MATERIAL PROVIDED: Begin

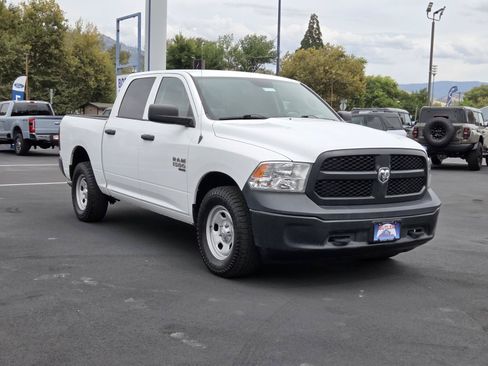 Used 2019 RAM 1500 Tradesman w/ Popular Equipment Group AWD/4WD image 3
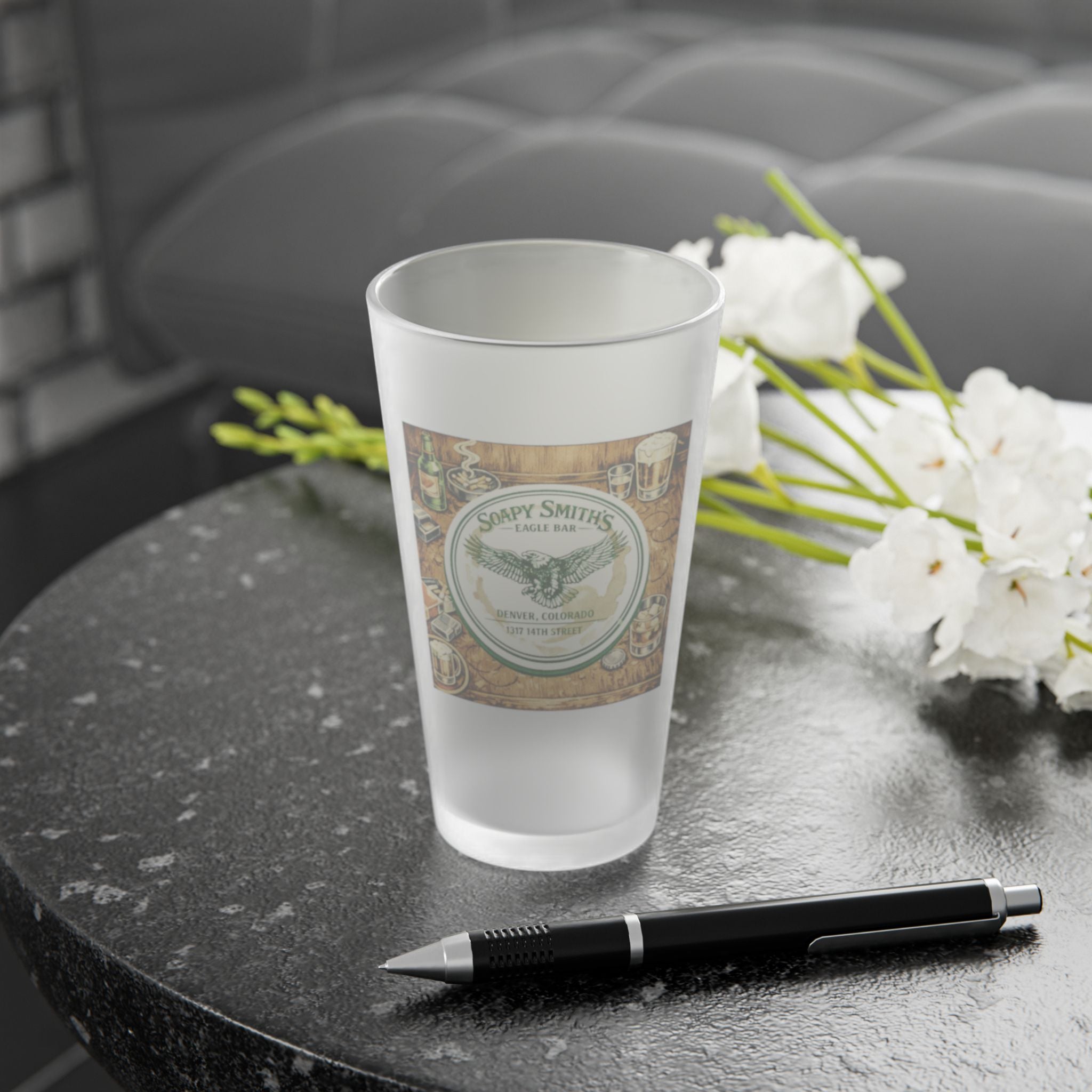 SOAPY SMITH'S - HAPPY HOUR | Frosted Pint Glass 16oz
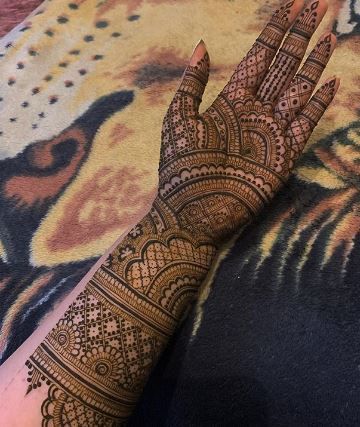 mehndi designs 2020 new style simple Arm Mehendi Designs, Braidel Mehandi Designs, Mehendi Designs For Hands Unique Indian Weddings, Rajasthani Mehndi Designs Simple, Mehendi Designs For Hands Full Hand, Front Mehndi, Rajasthani Mehndi, Rajasthani Mehndi Designs, Indian Mehndi Designs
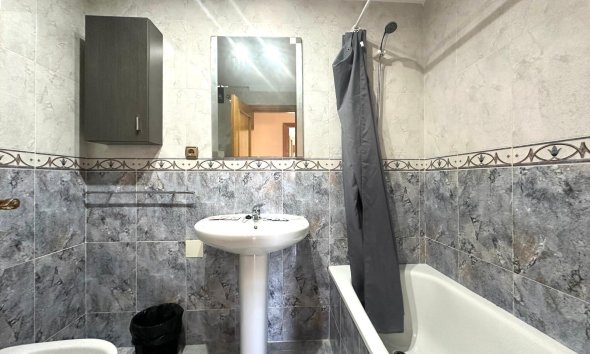 Resale - Apartament / Duplex - Torrevieja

MATERIAL PROVIDED: End

YOUR INSTRUCTIONS: Restate the data exactly, though only from the line that contains "SOAPY SMITH'S - HAPPY" through its last line, both ends included and with the pictures left out.

SOLUTION TO THIS PROBLEM:
 SOAPY SMITH'S - HAPPY HOUR | Frosted Pint Glass 16oz
 mehndi designs 2020 new style simple Arm Mehendi Designs, Braidel Mehandi Designs, Mehendi Designs For Hands Unique Indian Weddings, Rajasthani Mehndi Designs Simple, Mehendi Designs For Hands Full Hand, Front Mehndi, Rajasthani Mehndi, Rajasthani Mehndi Designs, Indian Mehndi Designs
 Resale - Apartament / Duplex - Torrevieja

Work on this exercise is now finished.